100 Days on Jesus’ Sermon Mount (Day 23)

Jesus said, “It has been said, ‘Anyone who divorces his wife is to provide her with a divorce certificate.’ But I am telling you that everyone who divorces his wife – except on the grounds of sexual immorality – causes her to commit adultery, and anyone who marries a woman who has been divorced, commits adultery.
— Matthew 5:31-32 (USC)
Marital unfaithfulness is the sole justification for a man or woman to divorce his wife or her husband.
Whenever we look up terms like “adultery” the meanings sometimes somewhat disappoint. It seems the heart of what Jesus was getting to was beyond that of mere physically sexual relations. As Jesus has mentioned already in verses 27-28, it’s not about the actual act; it’s about the heart behind the act.
When we are engaging in secret liaisons of the mind we are just as guilty as we would be if we engaged in the physical act. Conjuring the theft of an item is as bad as stealing it. If we construct in our minds the ‘theft’ of a woman (who is not our wife) – by our impure thoughts – we have stolen her, and we have stolen something also from our wife (that part of us – our whole – that we have given her). She neither gave permission nor did our wife have any idea what was going on. Further, and principally, we have sinned against the Lord – those given in marriage are given to us – united to us – by the Lord. And these are just the obvious threads of sin, for what starts out in secret – a big huge lie – can only compound itself and snowball as it rolls down the hill to the part-destruction of many innocent lives in our circle of influence. It is never God’s will to enter into relational catastrophe of our own choosing or making.

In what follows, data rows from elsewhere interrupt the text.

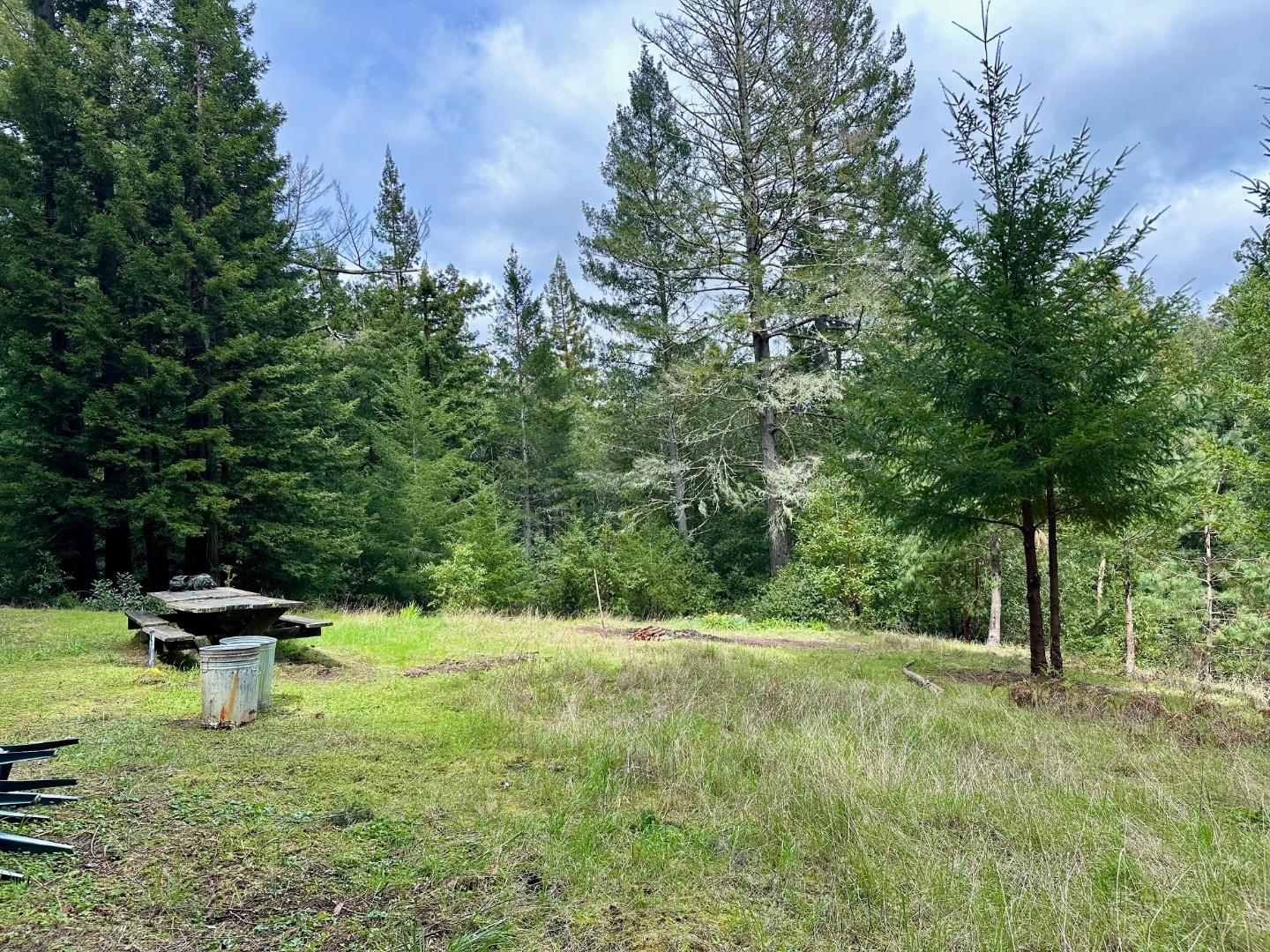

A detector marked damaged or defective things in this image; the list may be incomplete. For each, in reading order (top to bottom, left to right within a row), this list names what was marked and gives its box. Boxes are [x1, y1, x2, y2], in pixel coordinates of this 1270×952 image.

rusty metal trash can [195, 642, 259, 726]
rusty metal trash can [219, 635, 279, 709]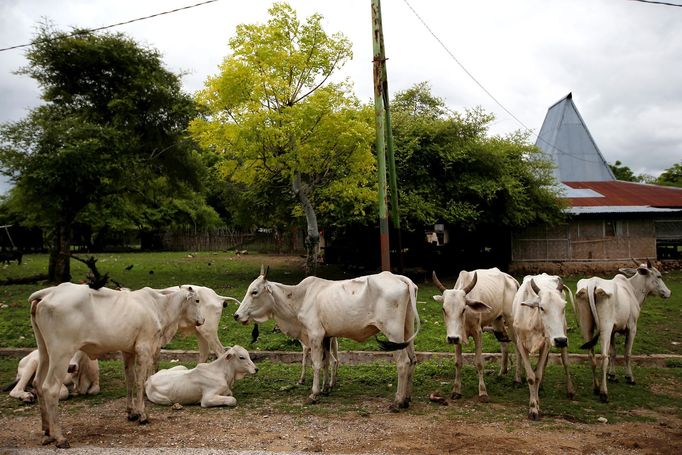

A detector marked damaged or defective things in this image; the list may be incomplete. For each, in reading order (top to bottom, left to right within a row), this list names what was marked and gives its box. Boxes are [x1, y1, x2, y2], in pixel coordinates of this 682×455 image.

rusty red roof [560, 182, 680, 210]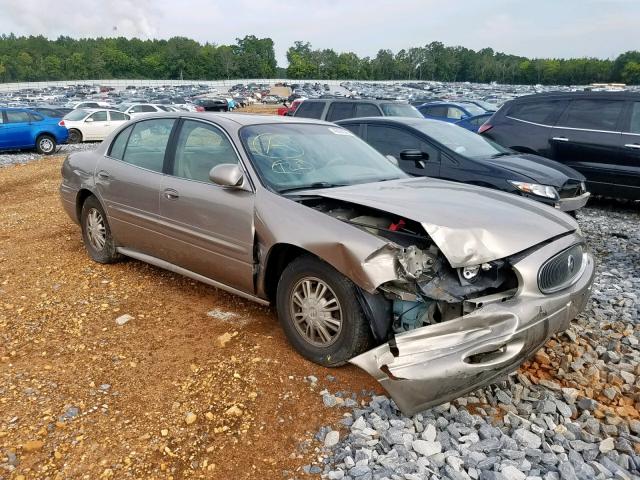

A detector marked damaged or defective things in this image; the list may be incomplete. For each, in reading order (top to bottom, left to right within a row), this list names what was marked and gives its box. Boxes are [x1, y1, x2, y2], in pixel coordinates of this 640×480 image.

damaged beige sedan [60, 113, 596, 416]
dented hood [302, 176, 576, 266]
crumpled front bumper [350, 233, 596, 416]
broken headlight [508, 182, 556, 201]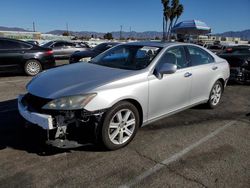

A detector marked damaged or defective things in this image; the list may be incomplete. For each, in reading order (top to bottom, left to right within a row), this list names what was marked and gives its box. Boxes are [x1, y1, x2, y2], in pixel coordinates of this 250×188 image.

detached bumper piece [17, 94, 105, 148]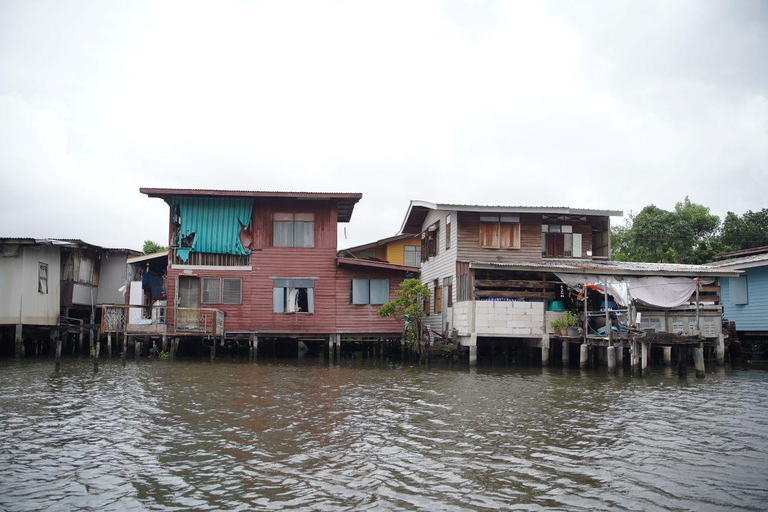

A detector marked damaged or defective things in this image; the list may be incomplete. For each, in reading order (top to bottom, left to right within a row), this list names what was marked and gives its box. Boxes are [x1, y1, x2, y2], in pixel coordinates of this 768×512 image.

rusty roof [140, 186, 364, 222]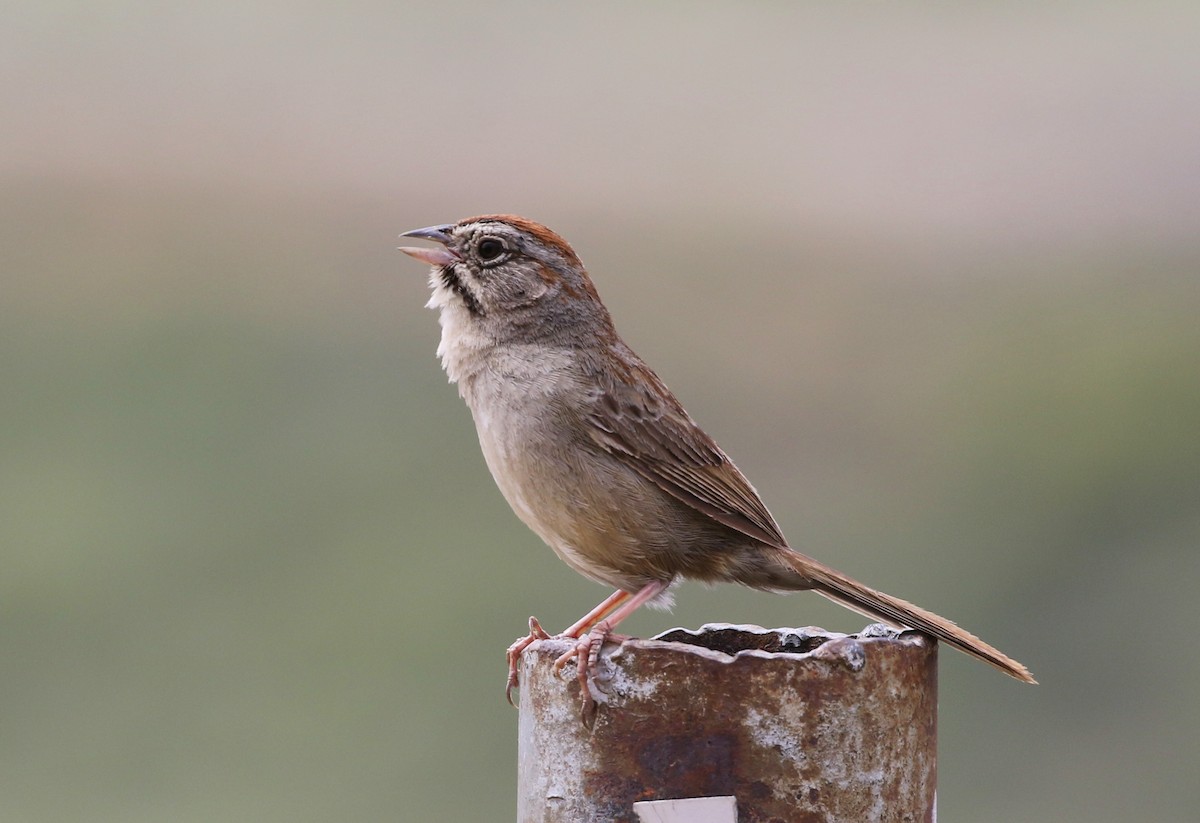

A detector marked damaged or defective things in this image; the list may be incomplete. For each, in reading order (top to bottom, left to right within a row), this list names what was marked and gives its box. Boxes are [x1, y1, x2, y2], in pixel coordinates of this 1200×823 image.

corroded metal surface [516, 623, 936, 823]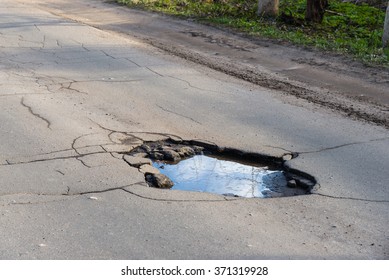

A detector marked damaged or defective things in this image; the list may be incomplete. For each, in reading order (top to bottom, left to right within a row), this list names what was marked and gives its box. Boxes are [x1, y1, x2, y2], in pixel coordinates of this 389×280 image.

crack in asphalt [19, 96, 51, 129]
debris beside pothole [123, 139, 314, 198]
pothole [124, 139, 316, 198]
water-filled pothole [126, 139, 314, 198]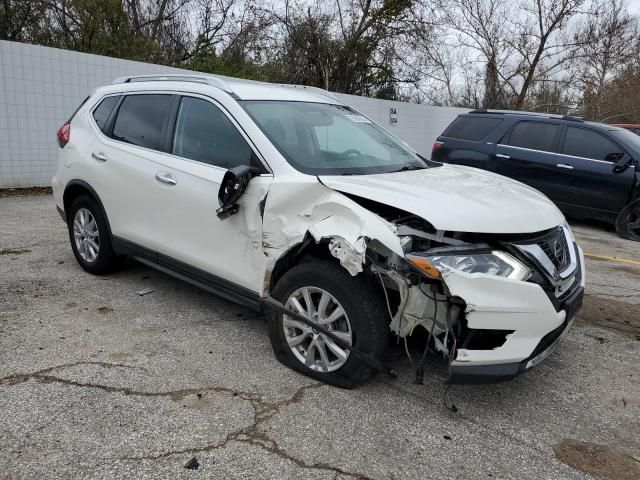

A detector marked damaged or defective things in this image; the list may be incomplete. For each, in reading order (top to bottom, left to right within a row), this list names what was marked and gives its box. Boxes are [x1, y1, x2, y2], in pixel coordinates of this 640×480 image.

crumpled hood [318, 164, 564, 233]
broken headlight [410, 251, 528, 282]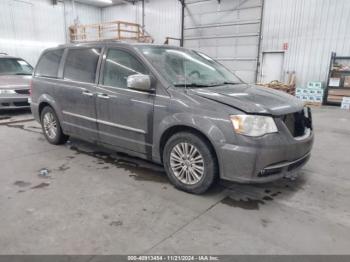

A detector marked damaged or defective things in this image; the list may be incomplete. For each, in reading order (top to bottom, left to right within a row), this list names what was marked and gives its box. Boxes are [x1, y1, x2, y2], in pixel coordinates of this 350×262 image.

damaged vehicle [0, 54, 32, 109]
damaged vehicle [30, 42, 314, 194]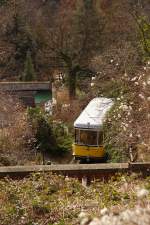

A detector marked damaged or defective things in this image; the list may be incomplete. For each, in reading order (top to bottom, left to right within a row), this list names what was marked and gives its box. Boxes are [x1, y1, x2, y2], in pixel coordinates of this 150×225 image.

rusty rail surface [0, 163, 149, 180]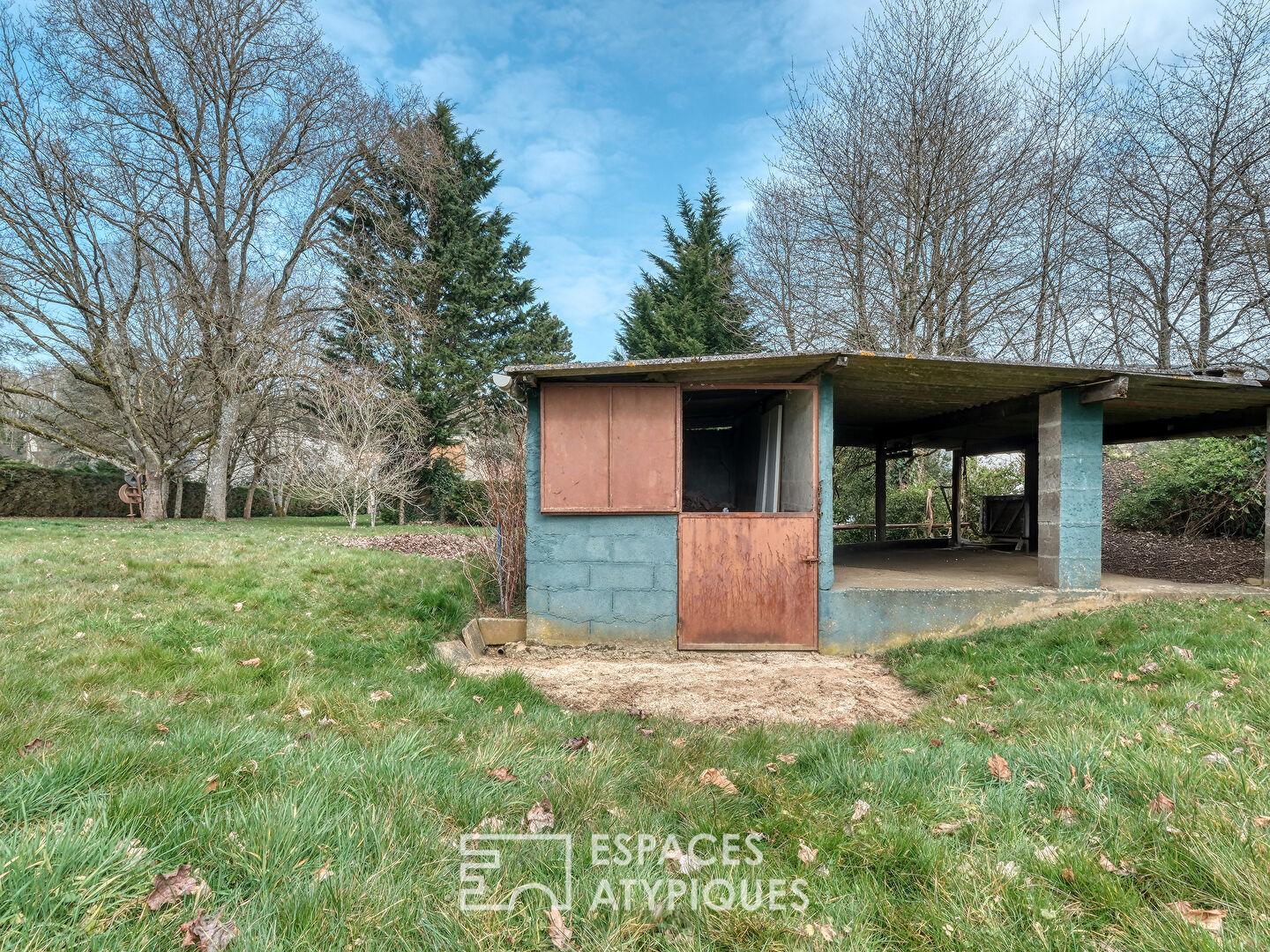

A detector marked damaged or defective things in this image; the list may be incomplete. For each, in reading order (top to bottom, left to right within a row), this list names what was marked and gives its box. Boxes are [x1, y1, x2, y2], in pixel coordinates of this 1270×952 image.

rusty metal panel [538, 383, 612, 515]
rusty metal panel [609, 383, 680, 515]
rusty metal panel [680, 515, 818, 650]
rusty metal door [680, 517, 818, 655]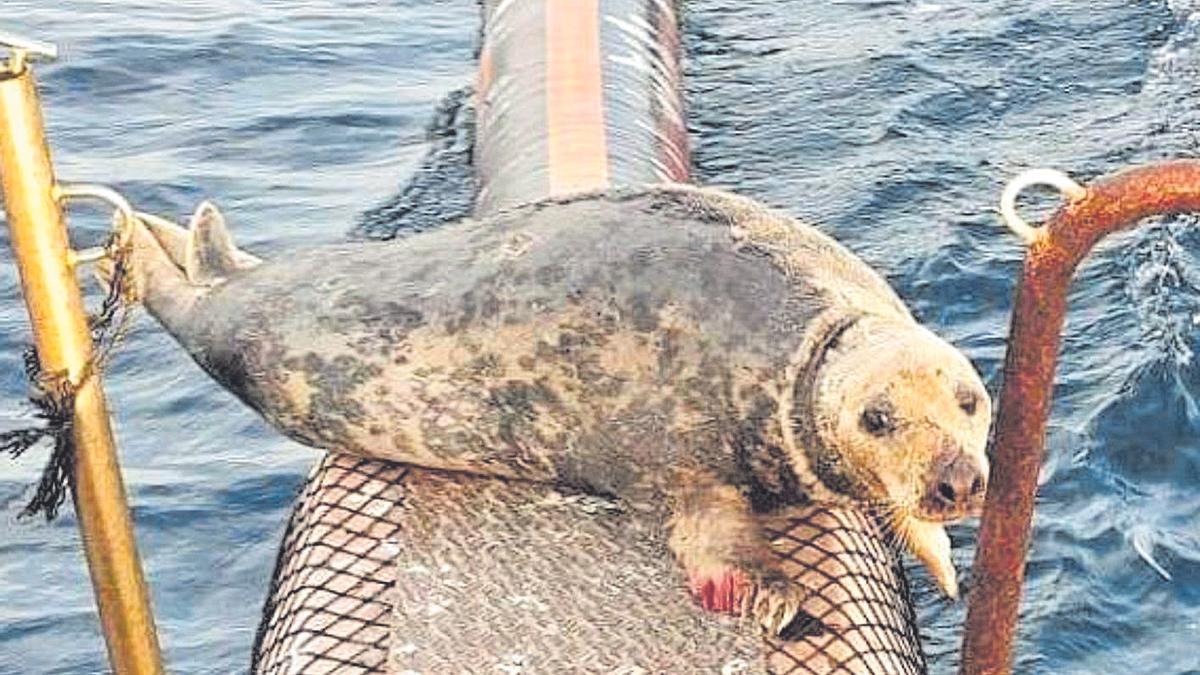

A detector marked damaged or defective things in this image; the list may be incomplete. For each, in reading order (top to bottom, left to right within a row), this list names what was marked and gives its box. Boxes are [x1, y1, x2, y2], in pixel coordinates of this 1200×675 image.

rusty metal pole [0, 44, 164, 667]
rusty metal pole [964, 159, 1200, 672]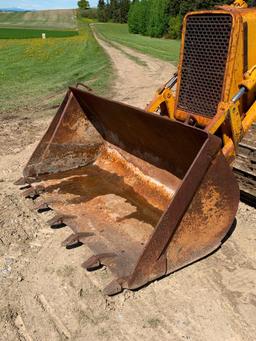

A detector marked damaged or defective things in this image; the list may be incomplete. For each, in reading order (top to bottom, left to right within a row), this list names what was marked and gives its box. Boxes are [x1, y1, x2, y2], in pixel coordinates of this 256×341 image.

rusty loader bucket [18, 88, 240, 294]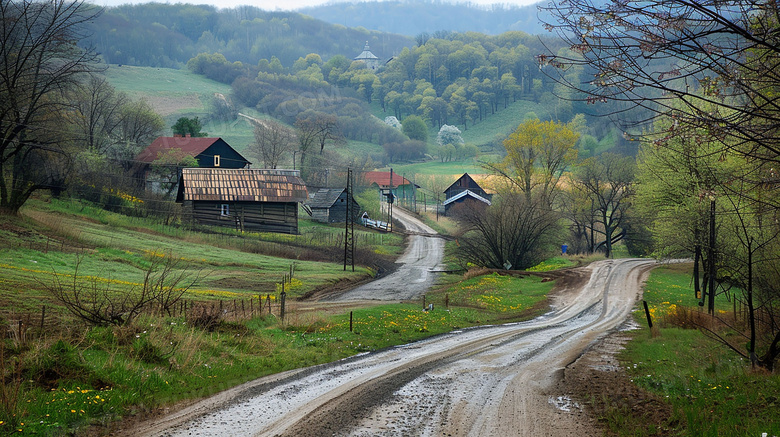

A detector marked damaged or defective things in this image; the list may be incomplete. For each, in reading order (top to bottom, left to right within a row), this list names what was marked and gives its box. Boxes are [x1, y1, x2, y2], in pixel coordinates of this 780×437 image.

rusty roof [179, 168, 308, 204]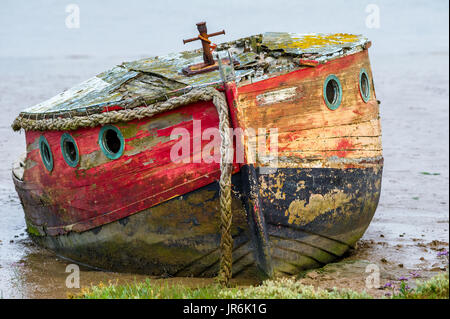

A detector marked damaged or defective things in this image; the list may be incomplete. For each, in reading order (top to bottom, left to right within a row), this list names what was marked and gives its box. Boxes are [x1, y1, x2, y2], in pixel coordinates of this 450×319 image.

wrecked wooden boat [11, 23, 384, 280]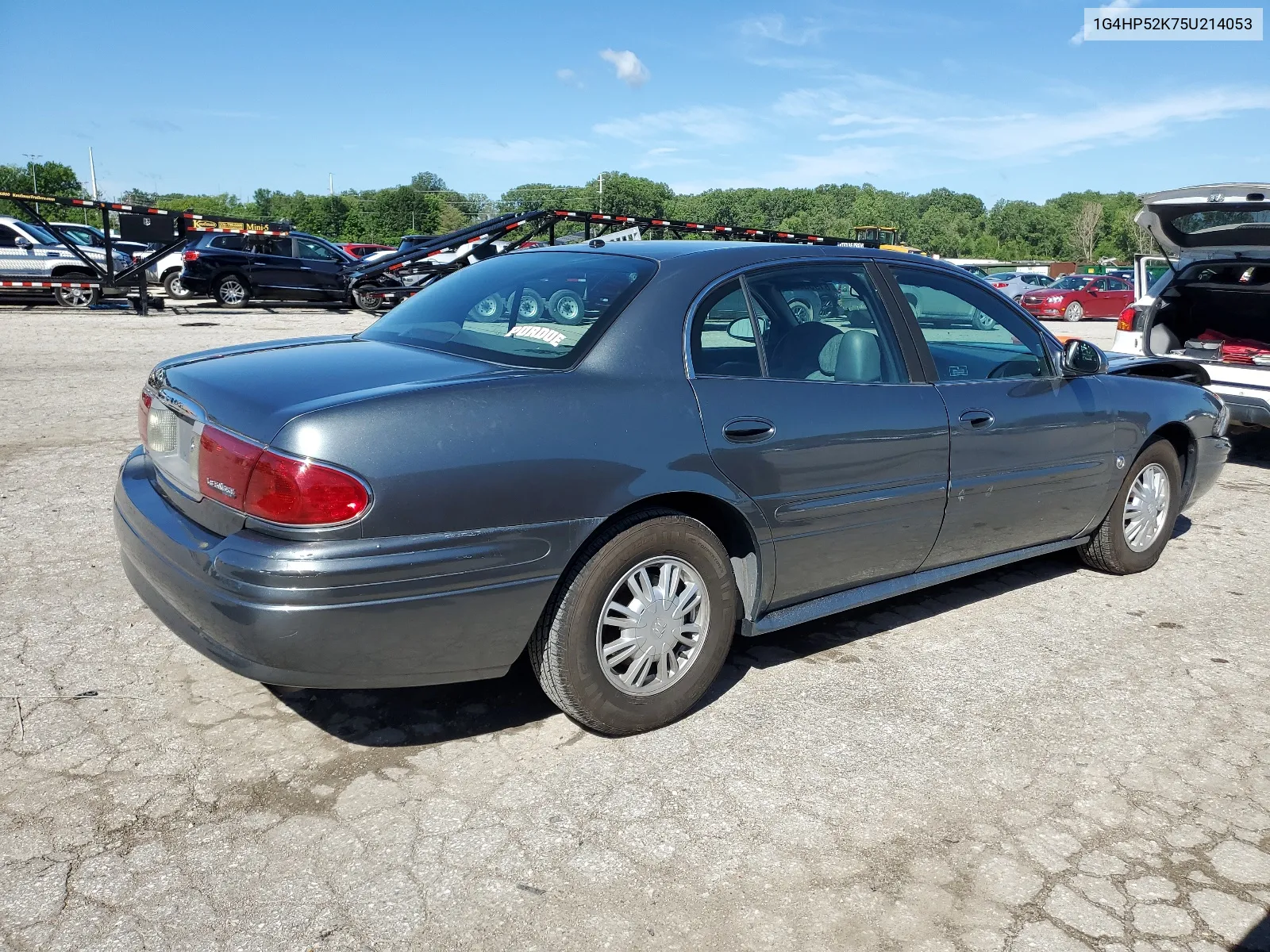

It seems that Jesus is saying that a man must not initiate a divorce unless there is marital unfaithfulness. So if a wife breaks the marital bond, and she insists the bond remain broken, the man has the choice of divorce, for divorce has already – of a spiritual sense – occurred. The same would apply for a woman if her husband insisted their marriage bond remain broken.
Marital unfaithfulness is linked to sexual immorality, and it enhances the meaning by broadening it. It is not just sexual immorality that qualifies as marital unfaithfulness.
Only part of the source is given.